[Opening GIVEN RECORDS section]

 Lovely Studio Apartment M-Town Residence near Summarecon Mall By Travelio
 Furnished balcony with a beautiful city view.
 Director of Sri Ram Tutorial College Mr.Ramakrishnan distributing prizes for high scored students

[Closing GIVEN RECORDS section]
[Opening GIVEN RECORDS section]

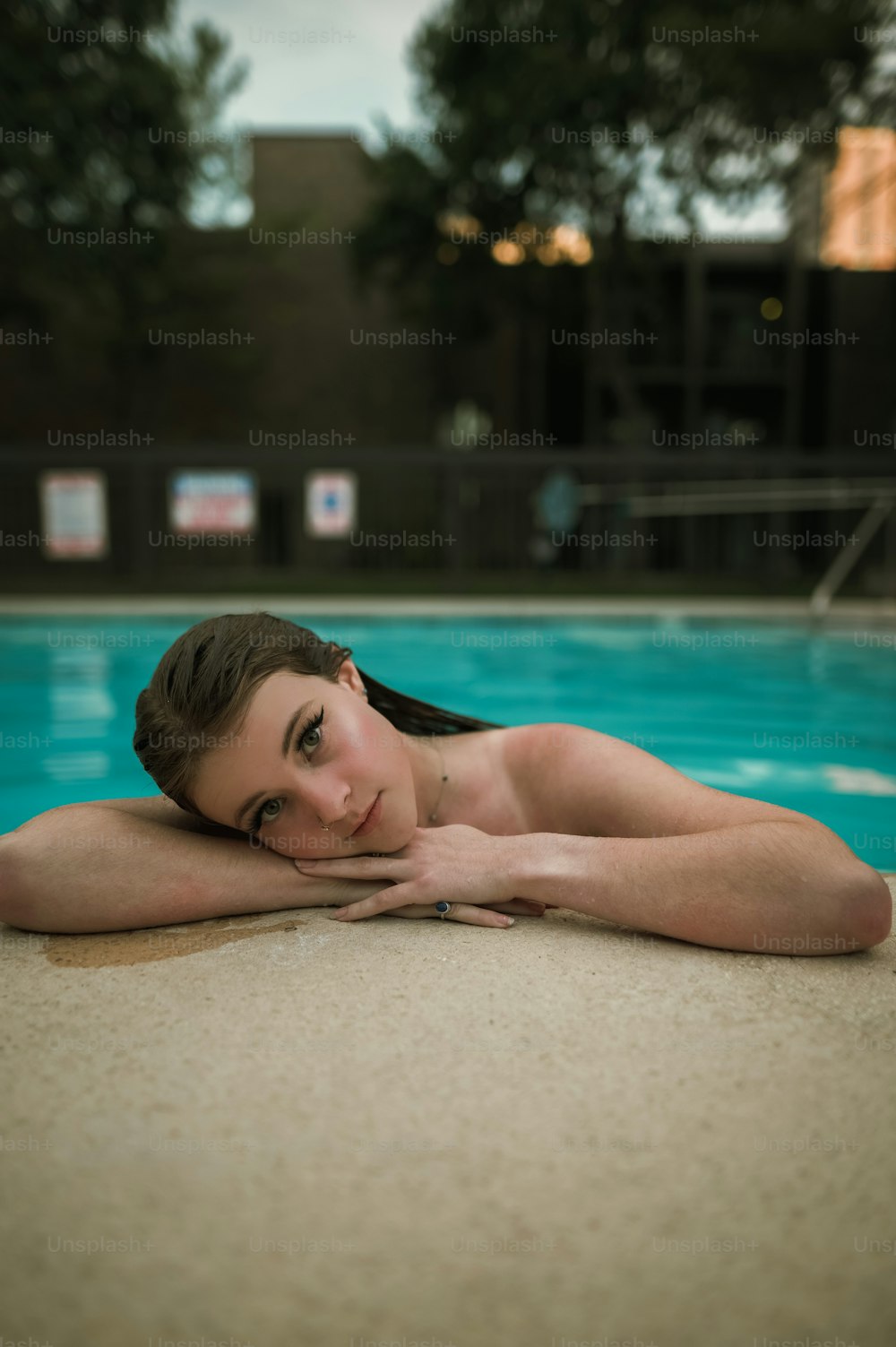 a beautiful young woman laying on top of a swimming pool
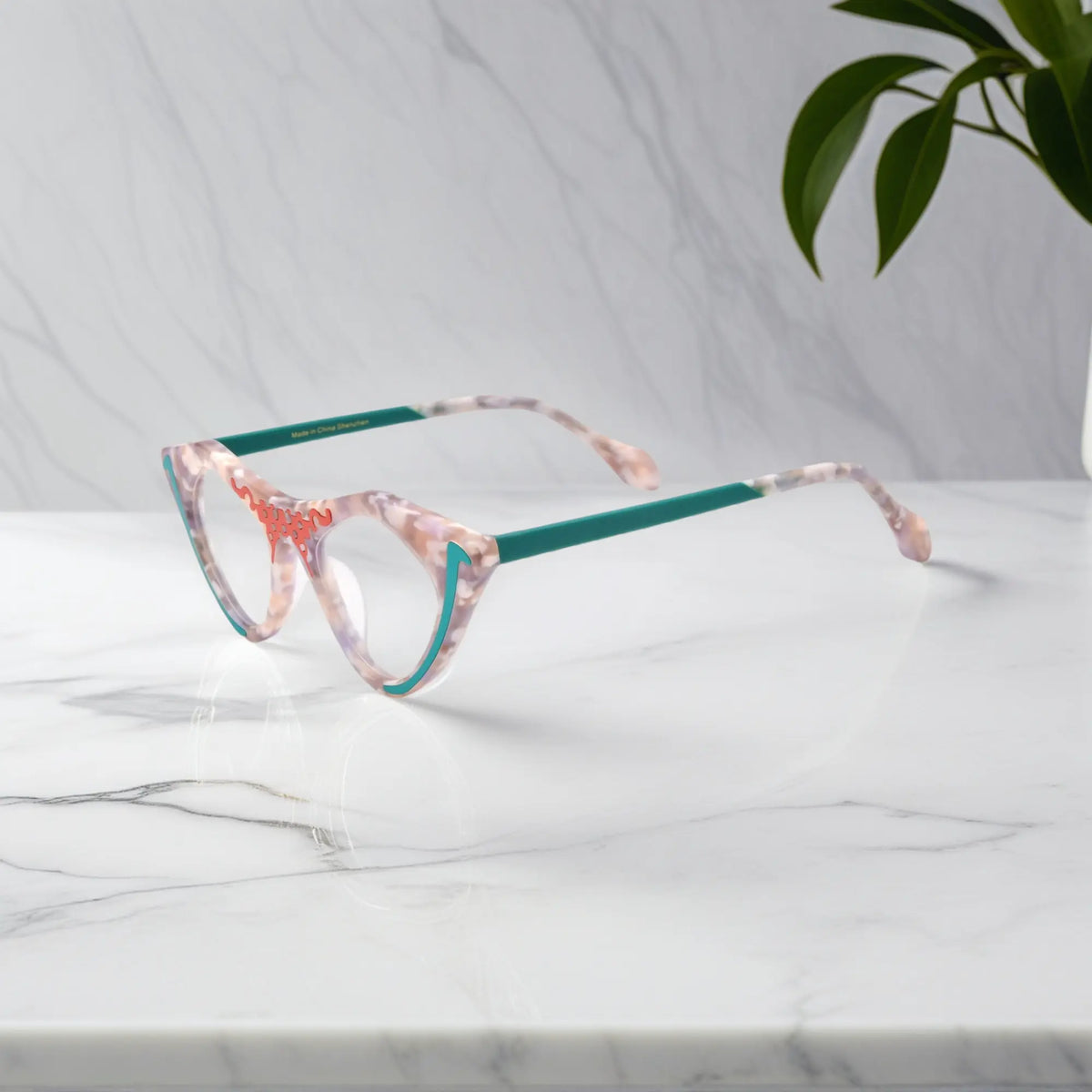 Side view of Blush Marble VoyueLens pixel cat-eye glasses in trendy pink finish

[Closing GIVEN RECORDS section]
[Opening GIVEN RECORDS section]

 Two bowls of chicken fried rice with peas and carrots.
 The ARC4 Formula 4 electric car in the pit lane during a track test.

[Closing GIVEN RECORDS section]

§ **TASK TO CARRY OUT**:
Could you copy each line in the listing above that includes the word "with"?

§ **OUTPUT FOR THIS TASK**:
 Furnished balcony with a beautiful city view.
 Two bowls of chicken fried rice with peas and carrots.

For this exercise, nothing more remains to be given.